Куда моя мама приехала из Ленинграда в 1956 г. из Ленинграда по комсомольскому призыву.
Чудо.
«Это военное время было временем небывалого идеологического подъема, в том числе и среди заключенных. Именно в военные годы был заложен столь высокий потенциал Норильского комбината, который получил мощную реализацию в послевоенные годы. За период 1941–1945 годов на фронт ушло 7606 норильчан. Широко развернулось стахановское движение и в лагерях. Предприятия, на которых трудились заключенные, проводили ударные вахты. В военное время все усилия работников Норильского комбината были направлены на производство никеля, столь необходимого для танковой брони.

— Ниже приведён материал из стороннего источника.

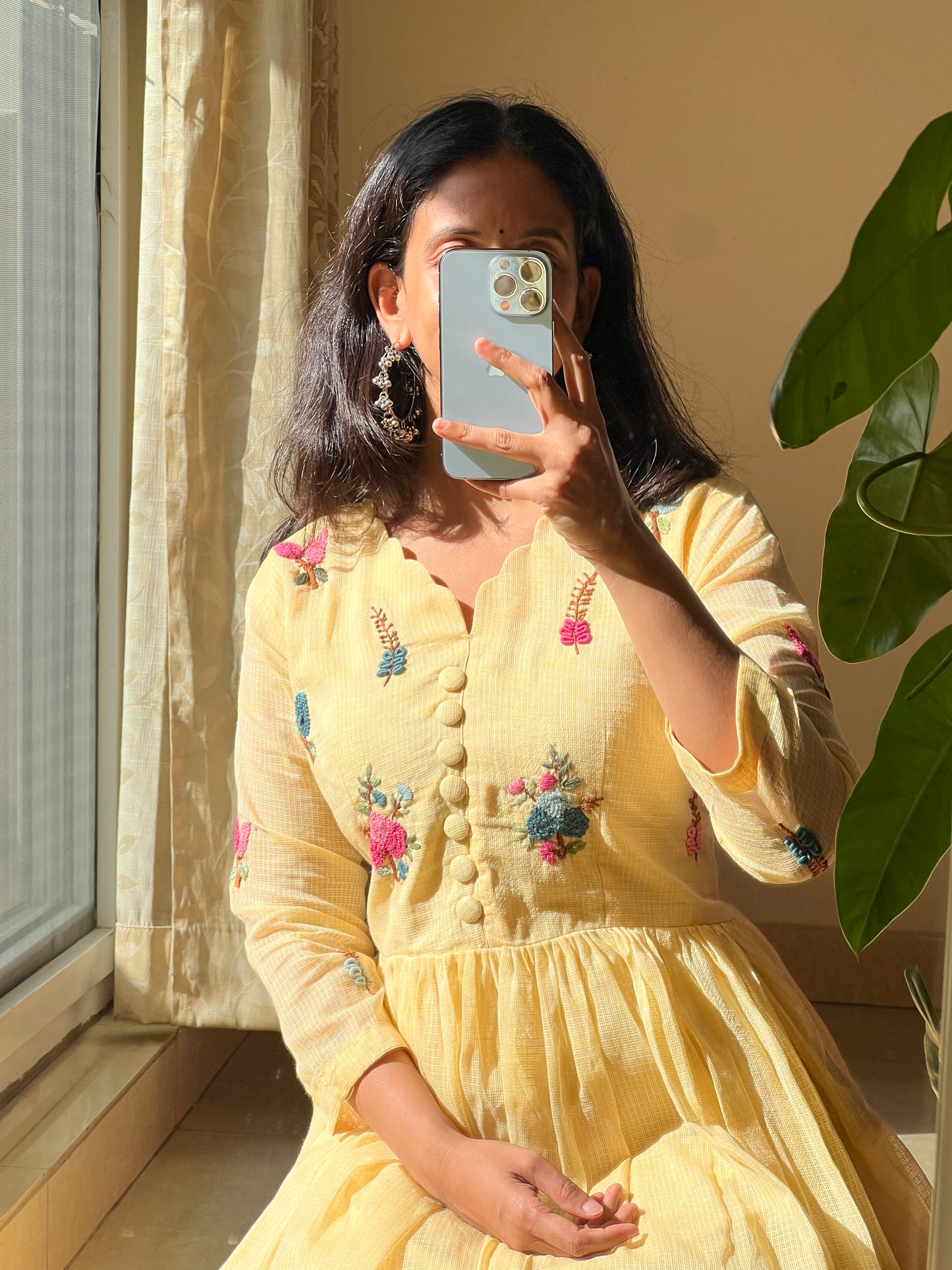 A0463 yellow Kota one piece dress with hand embroidery detailing all over the dress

В 1941 году закончилось строительство завода бетонитовых блоков. С этого года берет начало механический завод. В этом же году была утверждена Временная инструкция по проектированию промпредприятий в условиях военного времени. 15 марта 1942 года начальник комбината назвал задачи года: пустить первую очередь БМЗ, первую очередь ТЭЦ (турбину и котел), литейный цех, цементный завод, внутризаводские железные дороги, металлургам выплавить не менее 5400 тонн никеля. И 13 декабря 1942 первая очередь ТЭЦ вступила в строй, а до этого, 1 мая, в Норильске был получен электролитный никель.
“Завенягин не до конца нам поверил, – вспоминает Зверев, следующий, после Панюкова, директор комбината, а в то время главный инженер, – первую тонну металла немедленно отправить на Урал, пусть там проверят. Действительно чистый. Сначала везли металл в Красноярск, затем в Воркуту, трасса тяжелая. Но бензина уходило меньше”. В 1943 году началось строительство рудника “Медвежий ручей”, вступил в строй цех электролиза никеля. В 1944 году началось строительство двух шахт в Кайеркане. В 1945 году был получен первый металлический кобальт. Летом заложен фундамент Большой агломерационной фабрики.

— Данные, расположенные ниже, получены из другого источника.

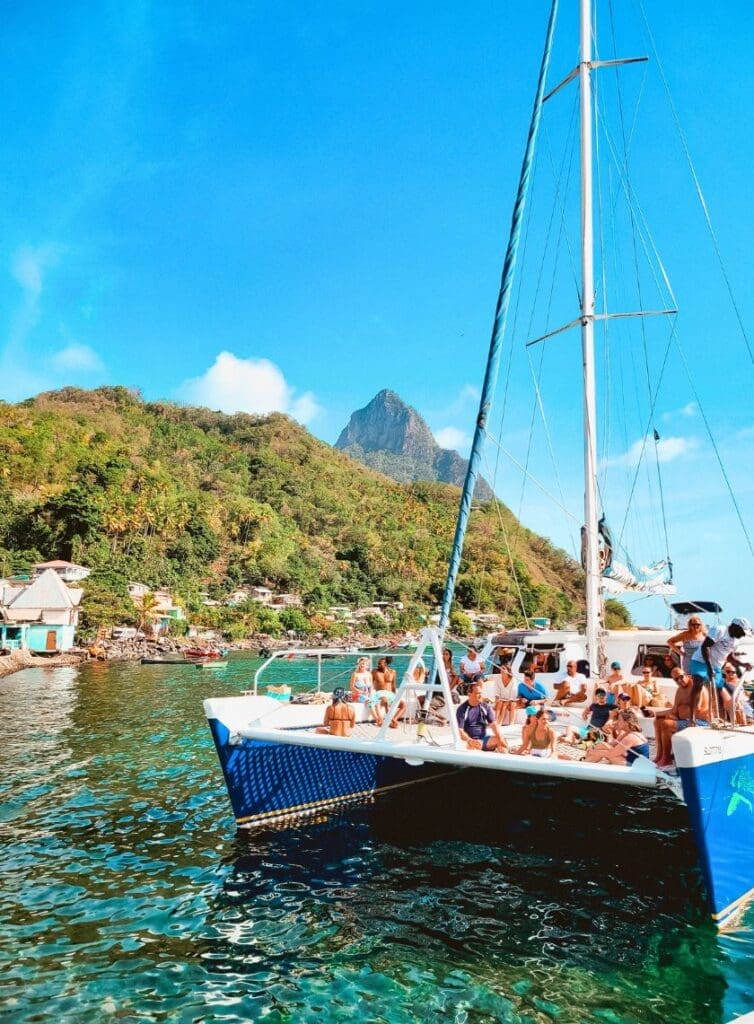 photo of catamaran sunset cruise in St. Lucia with the Piton behind it.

За неделю до нового, 1944 года начальник Норильского комбината Панюков получил необычный подарок – банку серной кислоты. Пожалуй, в истории комбината это одна из самых драматичных страниц. В 1942 году для производства никеля необходимо было срочно строить цех электролиза, но в стране не было серной кислоты. Ее завозили самолетами из Великобритании. Основная часть серной кислоты шла на производство для фронта взрывчатки и электролита для танковых аккумуляторов. Оставшиеся крохи по килограммам распределял лично нарком боеприпасов. Норильску нужны были не килограммы – тонны. Потому, когда инженеры Большого металлургического завода освоили выпуск кислоты из отходящих газов, они спасли комбинат. В 1944 году на площадке БМЗ заработала первая сернокислотная установка. Спустя год комбинат отказался от привозной кислоты, перейдя на собственную.
Норильск в военное время был единственным городом, в котором наряду с промышленным строительством продолжалось и гражданское. И в этом немалая заслуга преемника Завенягина. В 1941 году началось строительство первого двухэтажного дома, а 6 ноября 1941 года, подумать только, был открыт драматический театр. В 1942 году в честь обороны Севастополя была названа первая улица Норильска. 5 мая был заселен первый многоквартирный дом будущего Норильска. В 1942 году на Октябрьской (Старый город) открылся дом инженерно-технических работников, или сокращенно ДИТР. Он был первым относительно крупным капитальным сооружением культурно-бытового назначения и любимым детищем первых норильских архитекторов, позже переименованный в Дом культуры металлургов.» (Заполярный вестник. Они были первыми)
Страна моя, управляемая непосредственно Господом (перефразируя фельдмаршала Миниха). Моя Церковь, являющаяся Телом Господа. Все мы, так или иначе, стоим на той или иной ступени Лествицы Иоанна и являемся земными проекциями небесных иерархий.